UCP3 transgenic mice with mixed B6CBA background
UCP3 Western blot analysis. A detailed analysis of the creation, tissue-specific mRNA expression, and protein expression of UCP3 transgenic mice was previously published (37). Figure 1 shows levels of human UCP3 overexpression in homozygous UCP3 transgenic mice bred on a B6CBAF1/J background, heterozygous UCP3 transgenic mice bred with B6CBAF1/J mice, and control wild-type B6CBAF1/J mice. The levels of UCP3 expression in the homozygotic mice increased 2.3-fold more than those of heterozygous mice and 60-fold more than those of control wild-type B6CBAF1/J mice, consistent with previous findings in these mice (37).
Western blot analysis.

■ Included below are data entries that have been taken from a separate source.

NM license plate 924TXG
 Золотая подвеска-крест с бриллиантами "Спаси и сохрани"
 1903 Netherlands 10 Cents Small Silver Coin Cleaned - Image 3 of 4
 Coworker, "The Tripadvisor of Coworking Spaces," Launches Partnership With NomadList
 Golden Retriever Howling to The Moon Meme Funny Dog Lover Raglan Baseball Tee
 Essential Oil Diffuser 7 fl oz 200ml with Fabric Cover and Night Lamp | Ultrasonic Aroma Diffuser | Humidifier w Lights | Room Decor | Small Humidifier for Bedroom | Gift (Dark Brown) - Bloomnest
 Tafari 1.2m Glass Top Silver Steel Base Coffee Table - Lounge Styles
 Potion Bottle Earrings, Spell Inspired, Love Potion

Human UCP3 expression at molecular mass 34,000 in the mixed gastrocnemius mitochondrial fraction of homozygous UCP3 transgenic mice, heterozygous UCP3 transgenic mice bred with B6CBAF1/J mice, and control wild-type B6CBAF1/J mice. Lane 1, molecular markers.
Weight gain and fat composition. The HFD-fed wild-type mice had a 2-fold higher weight gain compared with wild-type mice fed RC (26% increase versus 12% increase), while there was no difference in weight gain in the UCP3 transgenic mice fed RC versus HFD (13% increase; Figure 2). The body fat composition of the RC-fed UCP3 transgenic mice was significantly lower than that of wild-type mice fed the same diet (Table 1). UCP3 transgenic mice fed HFD also gained less fat mass (31% increase) than did wild-type mice (81% increase) fed the HFD (Table 1).
Weight gain for wild-type and UCP3 transgenic mice on RC or HFD. n = 10 (WT RC, WT HFD); 11 (UCP3 RC); 13 (UCP3 HFD). Weekly weights were assessed over the course of 4 weeks. The weight of RC-fed wild-type mice increased 13% ± 6%, while that of HFD-fed wild-type mice increased 27% ± 6%, representing a 2-fold higher rate of weight gain. In contrast, there was no difference in the rate of weight gain in the UCP3 transgenic mice fed RC versus HFD. ††P = 0.02 versus all other groups.
Whole-body fat compositions and plasma concentrations of metabolites and hormones in wild-type and UCP3 transgenic mice with mixed background
Hepatic and peripheral insulin sensitivity. Basal concentrations of insulin and glucose were not significantly different between the groups of mice (Table 1). During the clamps, plasma insulin concentrations were raised to approximately 800 pM and plasma glucose levels were maintained at approximately 7.5 mM in all groups with a variable infusion of glucose. The glucose infusion rate needed to maintain euglycemia in all groups of mice reached a steady state within 30 minutes. The glucose infusion rate in the HFD-fed wild-type group required to maintain euglycemia was 60% lower compared to RC-fed wild-type mice (Figure 3A), indicating marked whole-body insulin resistance in this group. In contrast, the HFD had no effect on the glucose infusion rate in UCP3 transgenic mice.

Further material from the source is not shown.